The Terps were carried offensively in part by senior shortstop AJ Lee, and senior starting pitcher Hunter Parsons was a workhorse on the mound and led the team to a ton of wins. However, both of those leaders are gone, having been drafted by the Houston Astros and New York Mets, respectively. Two more seniors in Taylor Wright and John Murphy have moved on as well, graduating in May and now leaving a few more holes for future Terps to try to fill.
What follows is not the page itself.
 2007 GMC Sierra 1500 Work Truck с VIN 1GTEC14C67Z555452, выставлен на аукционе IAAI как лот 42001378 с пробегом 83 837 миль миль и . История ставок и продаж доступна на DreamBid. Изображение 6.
But reinforcements are on the way. According to Perfect Game, the Terps possess the No. 32 recruiting class in the nation, which is comprised of 11 high school commits and two top-100 players. Combine that with a large number of starters returning, and Maryland could potentially be even better in 2020.
Names to know
It all starts with Maxwell Costes, the brother of current Astros prospect Marty Costes. It was a season to remember for the rookie, who earned Big Ten Freshman of the Year honors after a year where he put together a .266/.397/.547 slash with 15 home runs in 58 games. Alongside Lee, he carried the offense while holding his own at first base.
He’ll be joined in the lineup by outfielder Randy Bednar, coming off a strong sophomore season in 2019. Power-hitting catcher Justin Vought will be back behind the dish once again, hoping to rein in the pitching staff which is now without its ace. Chris Alleyne had an up-and-down season as a sophomore this past year, but he could make a leap both at the plate and in the field.
With Parsons gone, Maryland will have to find a way to replace his production, both in terms of effectiveness as well as overall workload. Zach Thompson was the No. 2 starter last year, and while he racked up 83.1 innings pitched, his 5.08 ERA left a lot to be desired. Freshman Trevor LaBonte had a very inconsistent year on the bump, and he’ll hope to improve on his 5.98 ERA.
In just Year Two of the Rob Vaughn era, Maryland was able to post a .500 overall record — as well as an even Big Ten mark — and earn a spot in the conference tournament. There are a number of positions to fill in 2020 with the loss of four seniors, and a couple of players have left by way of transfer as well. But the Terps should be in the mix for another Big Ten tournament appearance and potentially an NCAA Tournament bid. If they continue to build on last season, and the young core led by Costes can fully come together and jell, the future may be bright in College Park.